日豪で新フリゲート艦の建造
米国の造船復活に日本が投資合意
オーストラリアのリチャード・マールズ副首相兼国防相が8月5日、海軍の次期汎用フリゲート艦に、三菱重工が提案した、海上自衛隊の護衛艦(「もがみ型」)をベースにする「もがみ能力向上型」を導入すると発表した。
日本側と共同開発・生産し、2029年の納入開始を見込み、最初の3隻は日本が建造する。日本の大型装備品が“輸出”されるのは初めてといっていい。
前後して日本と米国の間でも、関税交渉が合意され、米国の相互関税や自動車関税の15%への引き下げと引き換えに、日本の造船の対米投資が盛り込まれた。
日米間では、昨年4月の首脳会談で、東アジアなどに展開する米海軍艦艇を日本で補修、整備する体制を強化することが合意されたが、協力が海軍艦艇の建造などにも広がることになる。

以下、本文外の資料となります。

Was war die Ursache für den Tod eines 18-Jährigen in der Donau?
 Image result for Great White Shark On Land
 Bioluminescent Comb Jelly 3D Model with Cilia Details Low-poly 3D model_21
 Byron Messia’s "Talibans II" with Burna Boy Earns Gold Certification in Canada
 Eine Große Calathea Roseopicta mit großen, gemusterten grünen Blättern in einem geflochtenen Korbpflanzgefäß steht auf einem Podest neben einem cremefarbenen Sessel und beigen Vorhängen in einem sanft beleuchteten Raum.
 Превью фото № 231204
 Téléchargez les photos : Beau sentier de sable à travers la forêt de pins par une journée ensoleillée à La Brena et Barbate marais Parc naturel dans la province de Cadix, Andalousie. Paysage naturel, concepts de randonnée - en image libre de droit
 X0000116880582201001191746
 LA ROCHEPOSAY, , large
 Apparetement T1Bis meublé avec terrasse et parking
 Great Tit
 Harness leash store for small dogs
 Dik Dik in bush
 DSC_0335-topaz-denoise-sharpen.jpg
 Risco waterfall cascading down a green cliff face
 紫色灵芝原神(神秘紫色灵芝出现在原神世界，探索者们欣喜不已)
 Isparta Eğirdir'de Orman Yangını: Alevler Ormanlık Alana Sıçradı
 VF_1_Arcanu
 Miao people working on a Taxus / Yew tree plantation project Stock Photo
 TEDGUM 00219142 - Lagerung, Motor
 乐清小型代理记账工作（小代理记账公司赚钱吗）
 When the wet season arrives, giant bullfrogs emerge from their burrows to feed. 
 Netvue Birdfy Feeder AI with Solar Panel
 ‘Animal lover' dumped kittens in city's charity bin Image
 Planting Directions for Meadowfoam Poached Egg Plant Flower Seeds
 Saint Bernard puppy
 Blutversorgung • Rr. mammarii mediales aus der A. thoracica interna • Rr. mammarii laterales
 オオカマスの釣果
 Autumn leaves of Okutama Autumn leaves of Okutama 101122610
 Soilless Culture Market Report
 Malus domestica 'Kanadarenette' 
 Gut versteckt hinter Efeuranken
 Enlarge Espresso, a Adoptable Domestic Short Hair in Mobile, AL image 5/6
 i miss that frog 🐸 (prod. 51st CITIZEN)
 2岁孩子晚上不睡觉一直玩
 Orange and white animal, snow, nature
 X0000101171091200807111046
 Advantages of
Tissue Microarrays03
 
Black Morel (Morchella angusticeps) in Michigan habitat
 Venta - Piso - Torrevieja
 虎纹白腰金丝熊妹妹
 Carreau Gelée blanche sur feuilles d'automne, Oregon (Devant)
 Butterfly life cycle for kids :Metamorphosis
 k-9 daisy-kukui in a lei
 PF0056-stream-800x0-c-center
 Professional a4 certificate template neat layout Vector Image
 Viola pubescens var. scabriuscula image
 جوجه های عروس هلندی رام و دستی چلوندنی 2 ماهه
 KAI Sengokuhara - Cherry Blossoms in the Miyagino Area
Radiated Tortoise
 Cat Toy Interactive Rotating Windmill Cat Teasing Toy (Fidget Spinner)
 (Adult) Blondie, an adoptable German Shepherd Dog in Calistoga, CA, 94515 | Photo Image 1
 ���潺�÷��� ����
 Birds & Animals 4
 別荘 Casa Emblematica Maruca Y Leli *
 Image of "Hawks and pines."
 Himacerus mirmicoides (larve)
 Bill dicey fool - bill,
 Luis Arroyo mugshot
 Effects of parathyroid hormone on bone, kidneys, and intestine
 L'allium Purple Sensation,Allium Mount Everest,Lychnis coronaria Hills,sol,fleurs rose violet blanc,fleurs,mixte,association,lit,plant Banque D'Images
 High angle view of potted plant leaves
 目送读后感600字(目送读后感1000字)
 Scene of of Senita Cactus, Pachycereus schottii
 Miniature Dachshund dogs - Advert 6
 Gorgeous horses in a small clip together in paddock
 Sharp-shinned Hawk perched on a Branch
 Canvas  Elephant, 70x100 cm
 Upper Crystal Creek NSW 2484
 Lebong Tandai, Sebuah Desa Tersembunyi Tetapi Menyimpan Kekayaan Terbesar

中国が東シナ海や南シナ海などでの軍事活動を活発化させているのを受け、日米豪3国で連携して抑止力や対処能力を高める防衛協力が進むが、一連の動きはその産業基盤の強化を狙うものといっていい。
インド太平洋地域の安全保障の確保に資するだけではなく、衰退が激しい米豪の造船産業の再生の足場になり、かつての造船王国の地位を韓国や中国に奪われた日本の造船業界にとっても、収益基盤の安定化が期待できる。